In particolare, turbavano l’asta del novembre 2005, avente ad oggetto beni immobili (abitazioni e locali commerciali) con sede in Villa San Giovanni, provenienti dal fallimento “Tortorella”, “allontanando” i possibili offerenti – pure se affiliati ad altre cosche, ancorché vicine, ma con sfera d’influenza in altre aree territoriali, quali il noto Domenico Cambareri – ed aggiudicandosi ben 16 unità immobiliari, di cui 2 intestate a Giuseppe Buda.
Uno di tali immobili, tuttavia, nel successivo febbraio 2006 – al prezzo convenuto tra le parti pari a € 47.250,00 – veniva ceduto a terzo estraneo al provvedimento coercitivo e, pertanto, a seguito di apposita istanza difensiva, opportunamente dissequestrato.

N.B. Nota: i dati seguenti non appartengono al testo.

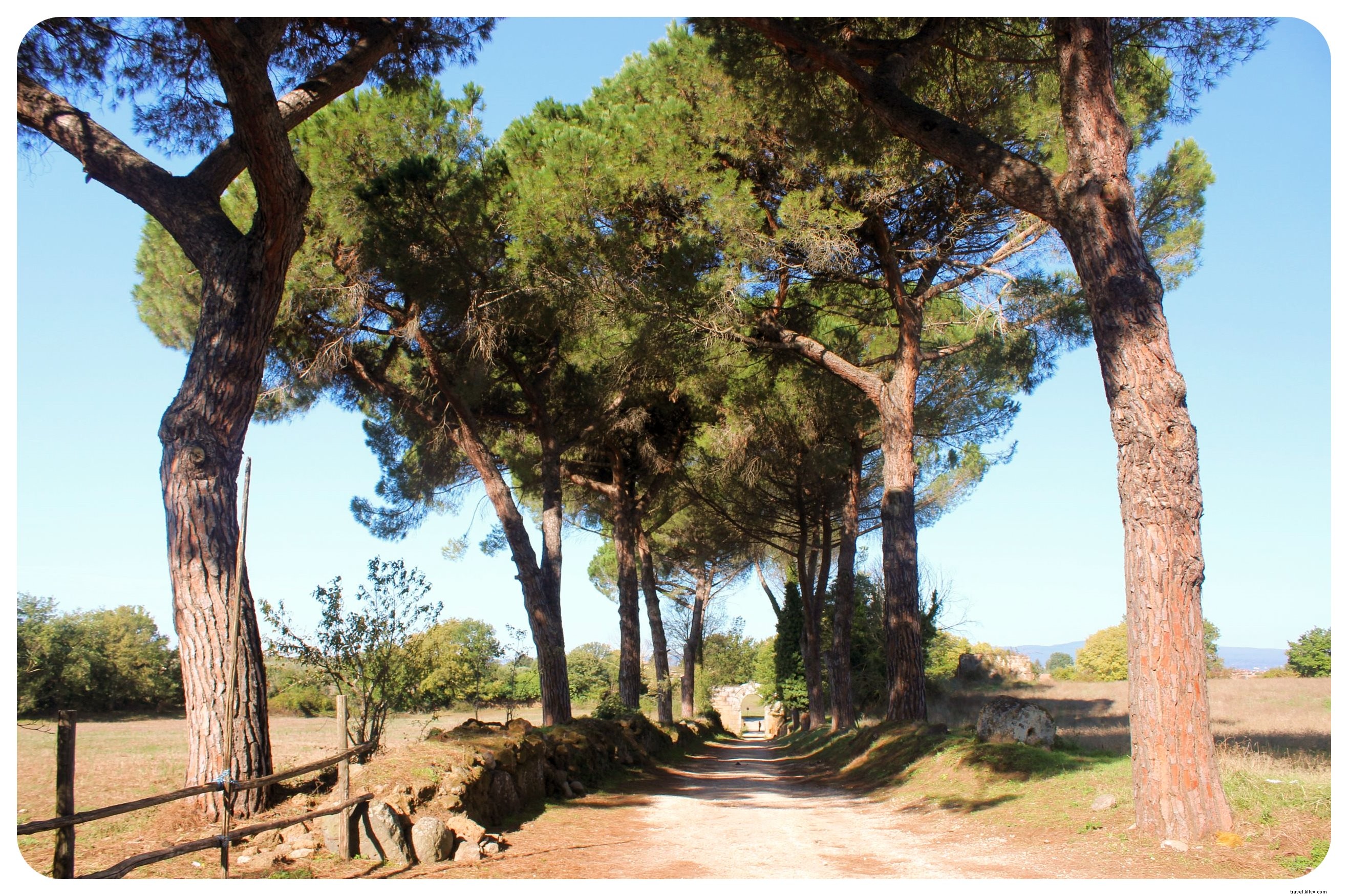 Via Amerina Hike: Part II Highlights – Ancient Paths, Medieval Villages, and Arrival in Rome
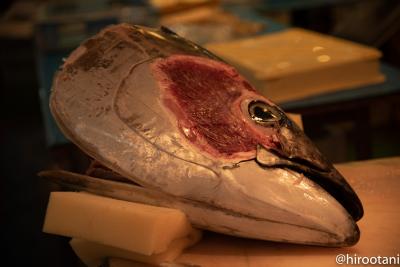 名古屋柳橋中央市場の朝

Preso atto delle motivazioni addotte dalla difesa, la locale autorità giudiziaria, nella persona del Procuratore di Reggio Calabria Giuseppe Pignatone e del sostituto Procuratore Giuseppe Lombardo, ha delegato la Guardia di Finanza a svolgere i dovuti approfondimenti di carattere economico-patrimoniale al fine di pervenire al sequestro preventivo per equivalente, oggi disposto dall’Ufficio del Gip, della somma di € 47.250,00 – pari al valore del trasferimento dell’immobile sito in Villa San Giovanni, come risultante dall’atto di compravendita stipulato tra le parti – ritenendolo, comunque, il profitto mediato del delitto di estorsione e turbata libertà degli incanti, comunque aggravato dalle modalità mafiose.

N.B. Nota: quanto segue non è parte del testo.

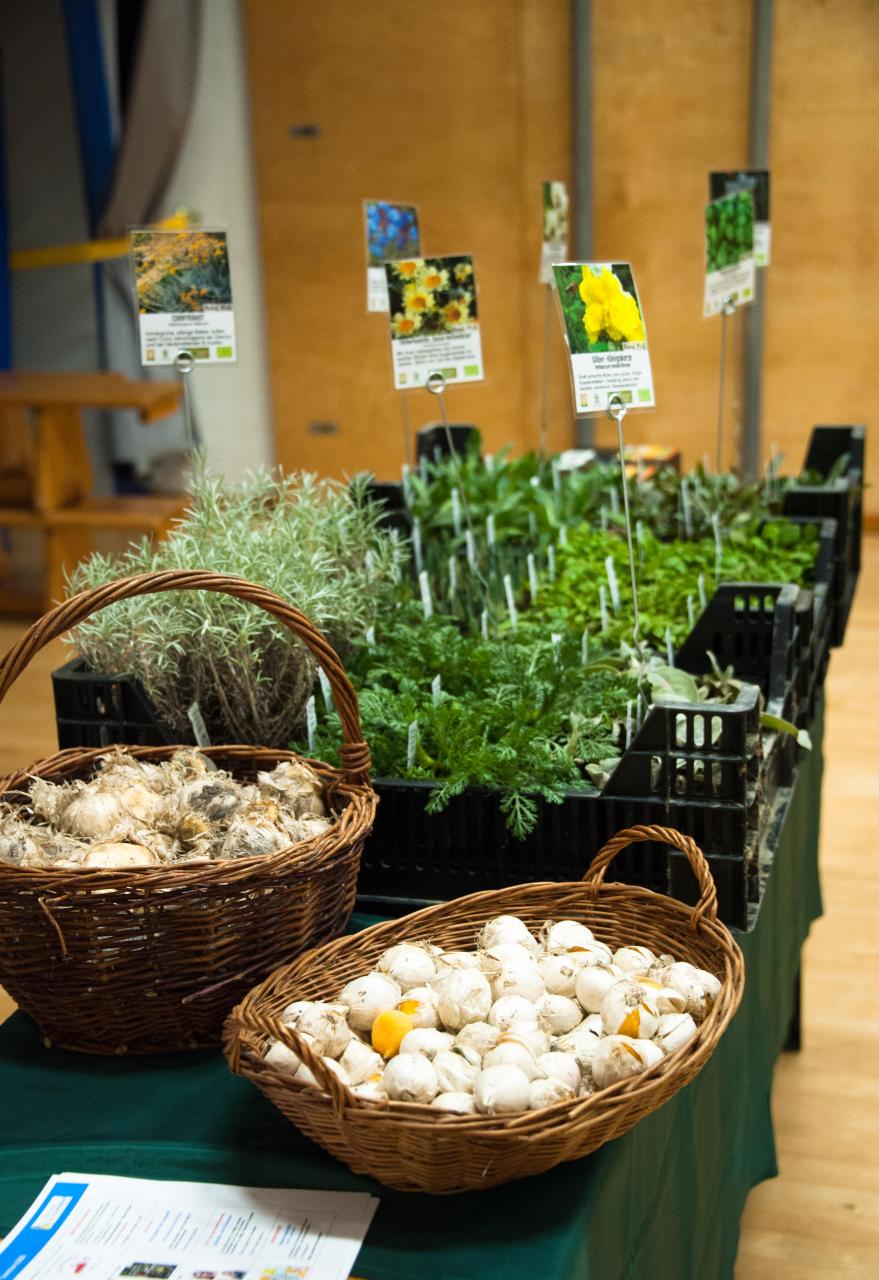 Vortrag Julia Wolf Garten der Zukunft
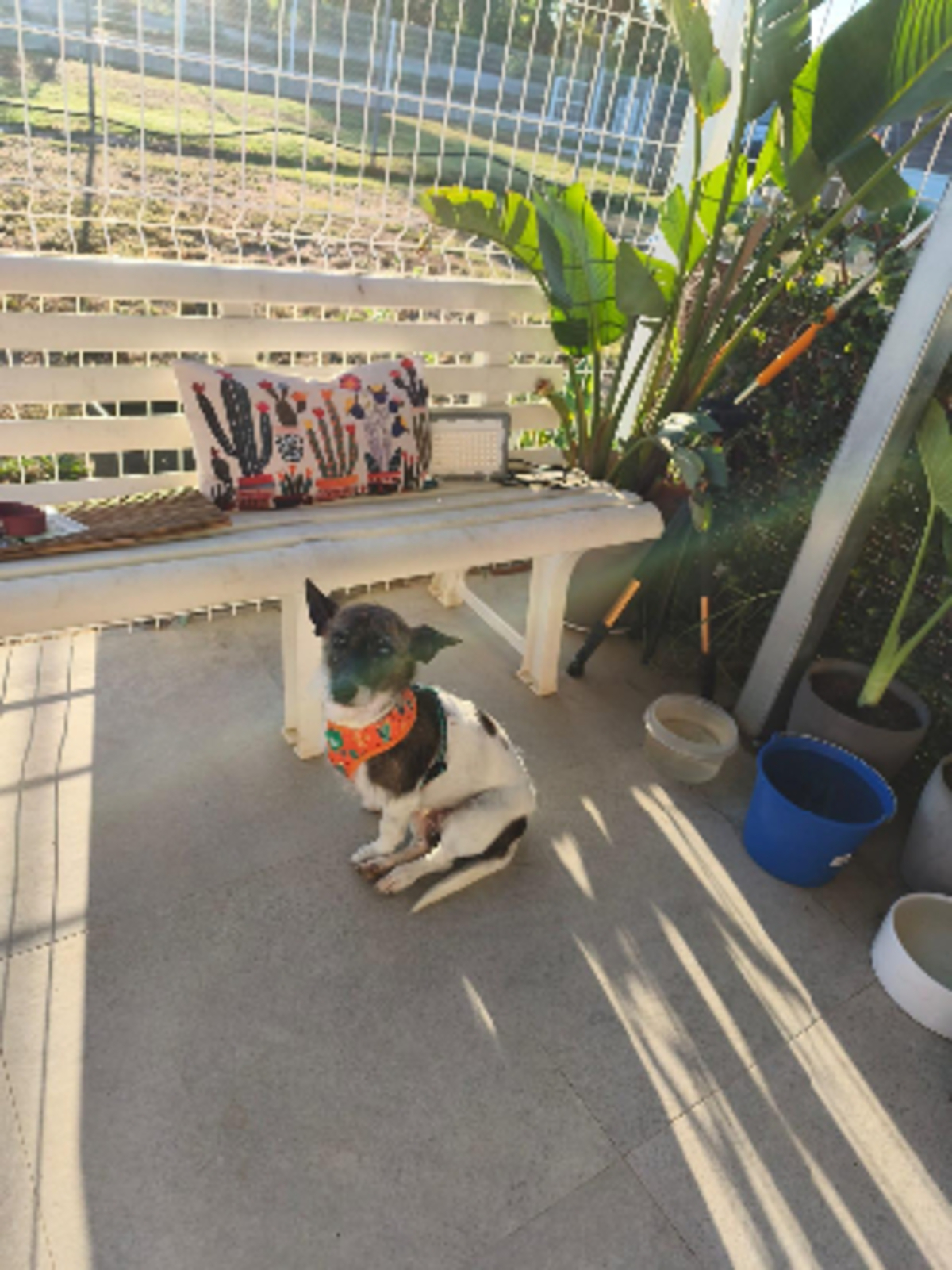 Adoption Lolita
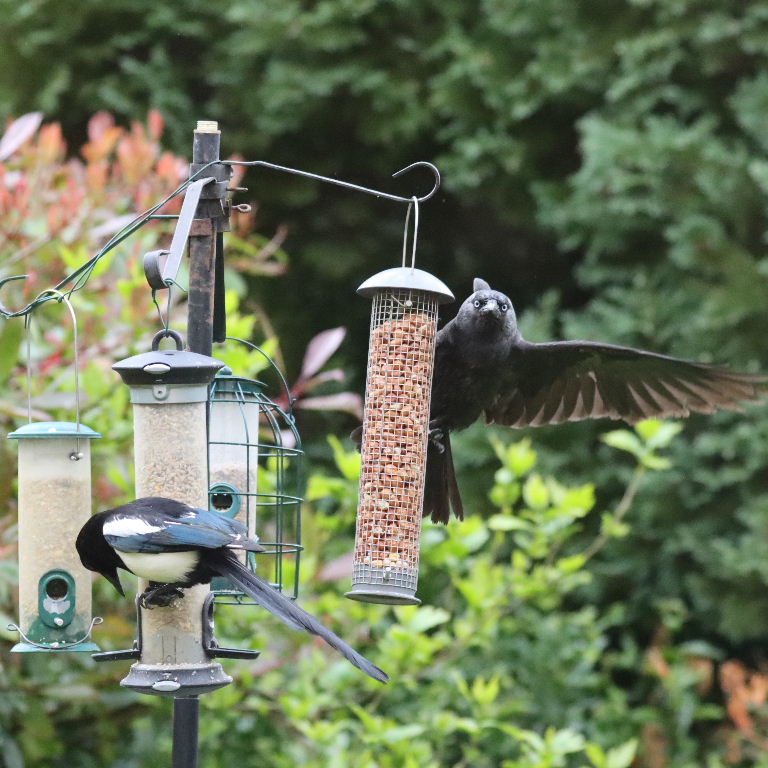 Jackdaw and Magpie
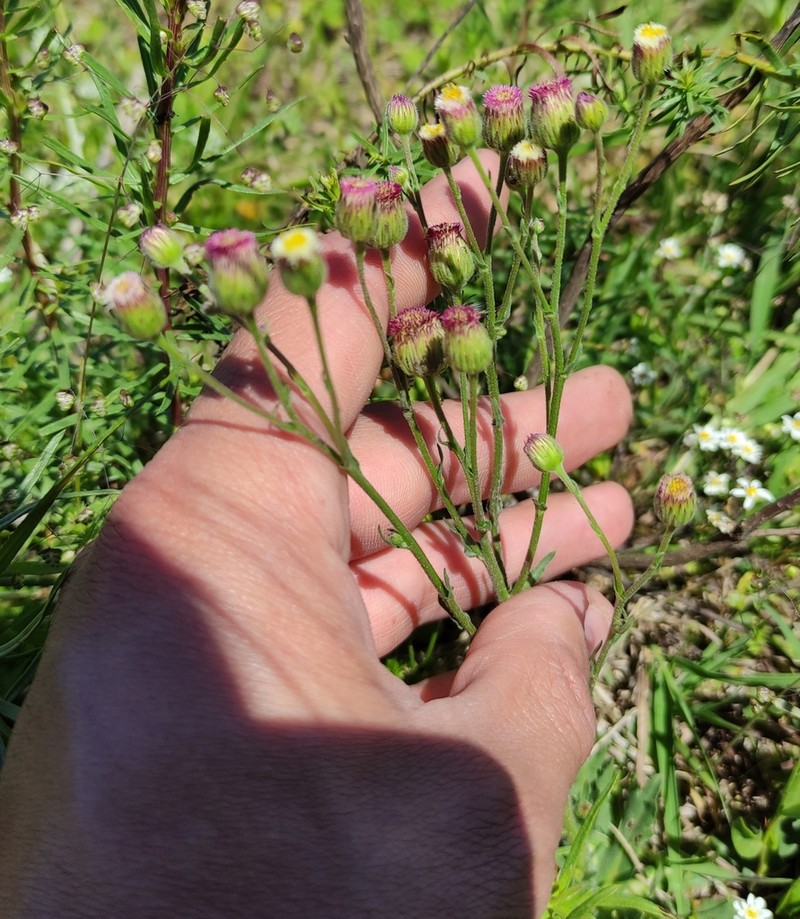 Erigeron monorchis photo 3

L’istituto della “confisca per equivalente” – che mira a impedire che l’impiego economico dei beni di provenienza delittuosa possa consentire al colpevole di garantirsi il vantaggio che era oggetto specifico del disegno criminoso – è il provvedimento ablativo disposto su somme di denaro, beni o altre utilità, di cui il reo abbia la disponibilità per un valore corrispondente al prezzo, al prodotto e al profitto del reato, previsto per talune fattispecie criminose allorquando sia intervenuta condanna e sia impossibile identificare fisicamente le cose che ne costituiscono effettivamente il prezzo, il prodotto o il profitto.
Nel merito, dapprima con il decreto-legge “sicurezza” 23 maggio 2008 n. 92 e poi con la nuova legge 15 luglio 2009, n. 94 in materia di sicurezza pubblica, pubblicata il 24 luglio 2009 ed entrata in vigore l’8 agosto 2009, la stessa autorità di Governo ha inteso fornire un’applicazione più ampia della “confisca per equivalente”.
Il pacchetto sicurezza ha consentito all’Autorità Giudiziaria di disporre la confisca per equivalente anche nei casi di condanna per delitti commessi avvalendosi delle condizioni previste dall’art. 416-bis c.p. o al fine di agevolare l’attività delle associazioni di tipo mafioso (sinora, questo istituto era previsto per reati come l’usura, i delitti contro la pubblica amministrazione e il crimine organizzato transnazionale).
La rilevanza dell’odierna attività, quindi, eseguita congiuntamente dai Finanzieri e dai Carabinieri, nel solco della priorità attribuita all’aggressione ai patrimoni illecitamente accumulati, risiede nel recepimento del principio, e nella conseguente pionieristica iniziativa della Procura della Repubblica di Reggio Calabria – peraltro condiviso anche da recenti orientamenti della Cassazione – secondo cui, anche nella presente ipotesi di cessione a terzi in buona fede di immobili acquisiti illecitamente, nel ”profitto funzionale alla confisca rientrano non soltanto i beni appresi per effetto diretto ed immediato dell’illecito, ma anche ogni altra utilità che sia conseguenza, anche indiretta o mediata, dell’attività criminosa”.